Del Monaco, dopo aver evidenziato come la coproduzione tra vari teatri, dotati di palcoscenici di diverse dimensioni,  ha fatto pensare a uno scenografia che possa “respirare, ovvero dilatarsi o restringersi a seconda delle possibilità, ha evidenziato come da una necessità “tecnica” della scenografia si sia passati a una visione e a una prospettiva ben precise.  “Don Carlos è un’opera storica  - ha affermato il regista  - la tradizione non è  il vecchio,  essa può essere rinnovata ma non sradicata. Siamo nella Spagna di Filippo II, il Re prudente, con l’Inquisizione e il contesto storico dell’epoca. Molti dei personaggi dell’Opera del resto sono personaggi storici: non solo Filippo II e Don Carlos ma anche altri importanti, come Elisabetta o  la principessa Eboli.”

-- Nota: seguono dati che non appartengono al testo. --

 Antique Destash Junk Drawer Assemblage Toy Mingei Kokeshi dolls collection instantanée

Del Monaco ha evocato  per contrasto una edizione dell’opera a cui gli è capitato di assistere, ambientata ai tempi di Franco: “si parla di un re e di una inquisizione, ma durante il franchismo non c’erano né l’uno né l’altra; per non parlare di un Filippo II in vestaglia che offre whisky al Grande Inquisitore …”

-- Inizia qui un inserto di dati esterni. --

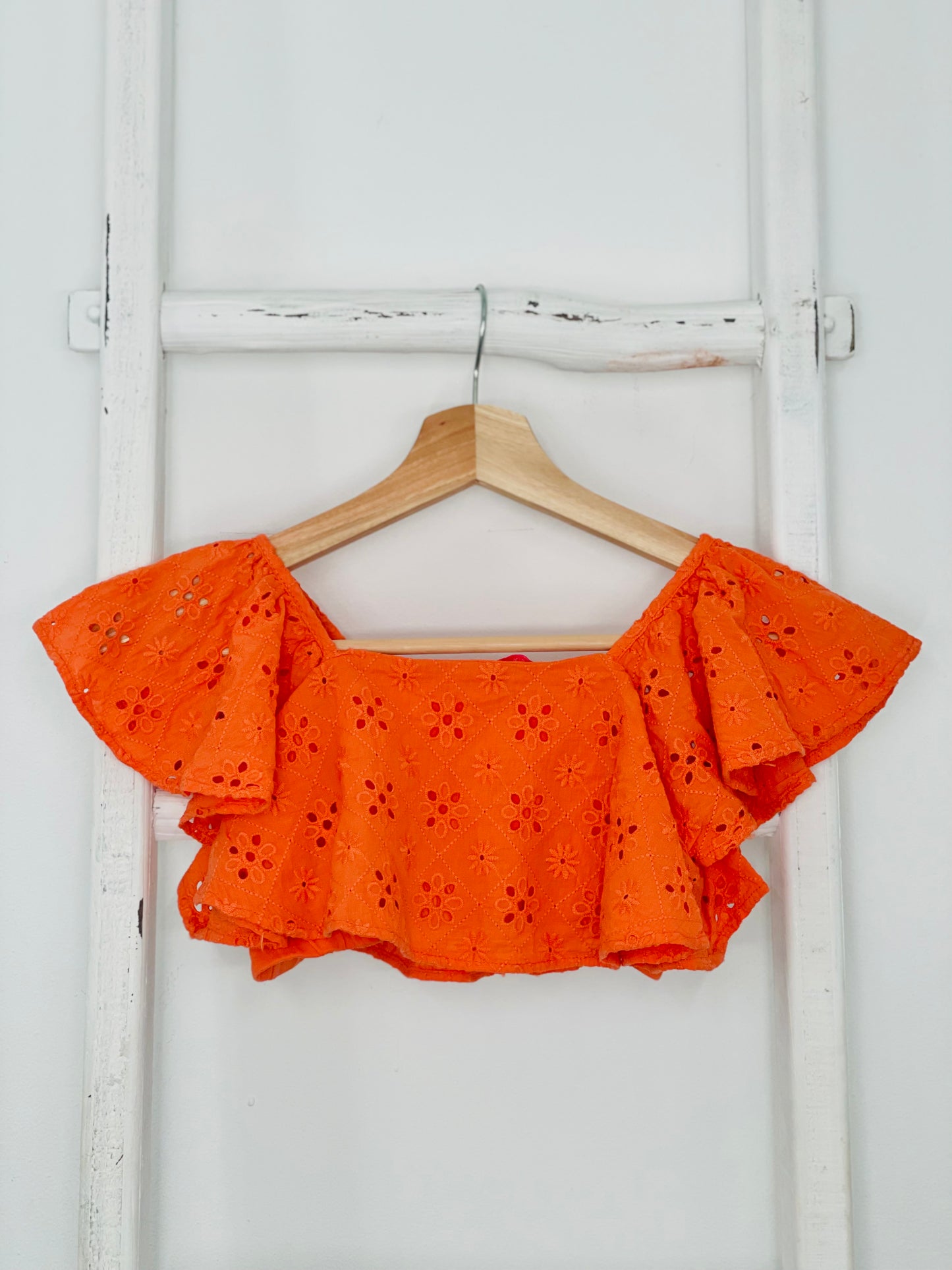 Orange Eyelet Crop Top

Le possibilità di sviluppo erano due: o attenersi alla storia o seguire, come fa del resto anche Schiller la “leggenda nera”, che vedeva il giovane principe, nella realtà personaggio ben poco attraente e quasi sicuramente non del tutto normale, come un martire della libertà  della Fiandre, capace di contestare e cadere vittima dell’autorità paterna; versione che, pochi anni prima di Schiller, aveva seguito anche Vittorio Alfieri per il suo Filippo.

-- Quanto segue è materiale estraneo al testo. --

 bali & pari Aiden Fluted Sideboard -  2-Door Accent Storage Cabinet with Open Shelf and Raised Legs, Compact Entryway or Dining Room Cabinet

“Abbiamo deciso di mettere in scena la leggenda nera, probabilmente falsa, ma del resto è quella che segue il libretto. Abbiamo solo fatto terminare l’opera con l’uccisione vera e propria di Don Carlos perché il finale di Verdi (o meglio, dei librettisti Méry e Du Locle) e abbastanza ambiguo e oscuro, con un “salvataggio” del principe da parte di un monaco che è in realtà l’ex imperatore Carlo V. “

Anche i costumi, rigorosamente scuri, sono precisi e calati nella realtà storica dell’epoca, quasi “cinematografici”. Per quanto riguarda la scenografia “ Per simboleggiare l’epoca del “secolo d’oro” in cui è ambientato il dramma, non potendo certo riprodurla integralmente, abbiamo scelto una sorta di “scatola”sulle cui pareti sono raffigurati i paesi su cui esercitava il dominio di Filippo II, un gigantesco impero su cui non tramontava mai il sole” E’ un “contenitore” molto efficace  anche per scene di grande effetto come ‘L’Auto da Fè’ del secondo atto, caratterizzato da un gigantesco crocifisso  modellato su un’opera di Cellini.

“Si tratta di una regia molto … musicale, che serve anche a dar risalto agli ottimi cantanti che abbiamo a disposizione – ha dichiarato il Maestro Mehta  - del resto l’orchestra la conosce molto bene, l’abbiamo fatta più volte e in un caso anche la regia di Visconti.

Giovanni Vitali ha concluso ricordando il grande convegno articolato in due giornate ( venerdì 5 e domenica 6 maggio) dal titolo  Ma lassù ci vedremo in un mondo migliore. Il Don Carlo(s) di Giuseppe Verdi;  un momento per approfondire tutti i vari aspetti, storici, musicali letterari e iconografici che fanno di quest’opera una vera e propria summa della cultura romantica e tardo romantica.